Ah, ok, yes, 10 is just a *little* young to pilot...


----------



## twentysix by twentyfive (25 Jun 2020)

Cathryn said:


> I took some better photos today and I've contacted a tandem specialist for some advice. Thought you helpful people might like some extra photos. Basically, I need to drop the saddle one inch to make it viable. One little inch. We can do that, can't we! (My husband keeps muttering darkly that I bought the wrong sized bike...implying that he told me so...so I'm determined to make this work).
> 
> 1) The driver's seat post with the handlebars and clamp.
> 2) The giant handlebar clamp. It's 2.5 inches from top to bottom. There HAS to be a smaller one out there.

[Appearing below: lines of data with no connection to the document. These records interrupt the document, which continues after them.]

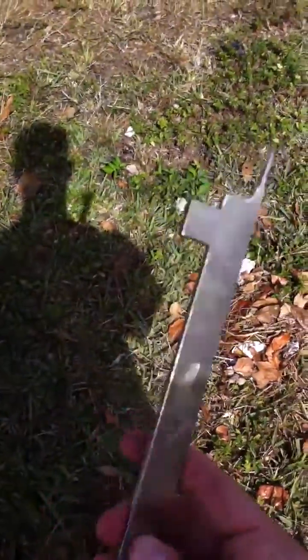Hello everybody, I'm with Brothers Backflow Services. Today I'm going to be showing you how to use the 009 check pick to pull out a stubborn number one check.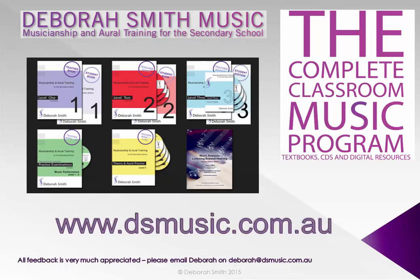For more information and resources, visit dsmusic.com.au. Thank you.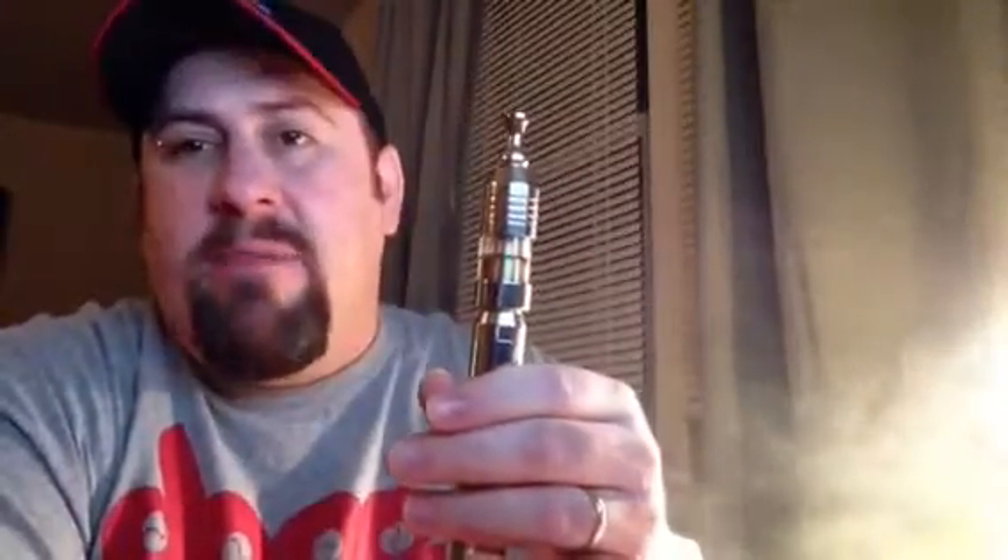The juice in here is 70 VG, 30 PG. It's just my DIY RY4. But for a Chinese knockoff, these things are hitting great. I like it better than the old one. I like it better than anything out there. I think I like it better than my Zap.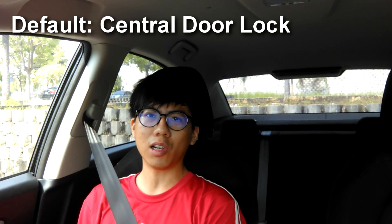By default, the car is set to center door lock, which means if you push the button or pull the door lever, it unlocks all the doors. But if you switch to driver door lock, pulling the handle or pressing the button only unlocks the driver door — the rest remain locked, and you need to click the unlock button one more time to unlock all doors.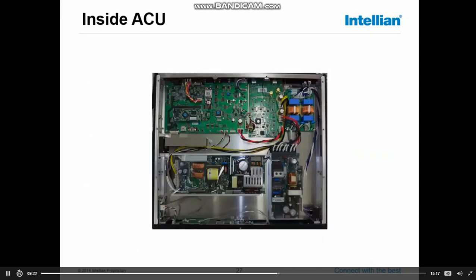Looking at the inside of the ACU, we can see the filter board — the AC noise filter board with a double set of filters — filtering the 220-volt input for the 27-volt and 48-volt power supplies. Next we can see the antenna power module: 27 volts. This module supplies the 27 volts for the ACU itself, but also puts 27 volts on the RX cable which goes to the dome.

Blimey - that handlebar clamp looks agricultural in design. I'm no tandem person but I feel sure there are smaller ones out there. Never seen anything like that pic.


----------



## Cathryn (25 Jun 2020)

Dogtrousers said:


> I hope your specialist can help you out.
> 
> The existing stem does look a bit over-engineered. If you look at this https://www.sjscycles.co.uk/stems/nitto-tandem-stoker-stem-aa/ (I've no idea if it's the right size, it's just the first one I found) and eyeball the clamp and compare the rise on the clamp to the handlebar diameter they are roughly the same. The bars are 25.4mm , so the rise is about one inch. Compared with your 2.5 inch clamp that saves you the inch you need, and half an inch to spare. So fingers crossed, there may well be a suitable part out there for you.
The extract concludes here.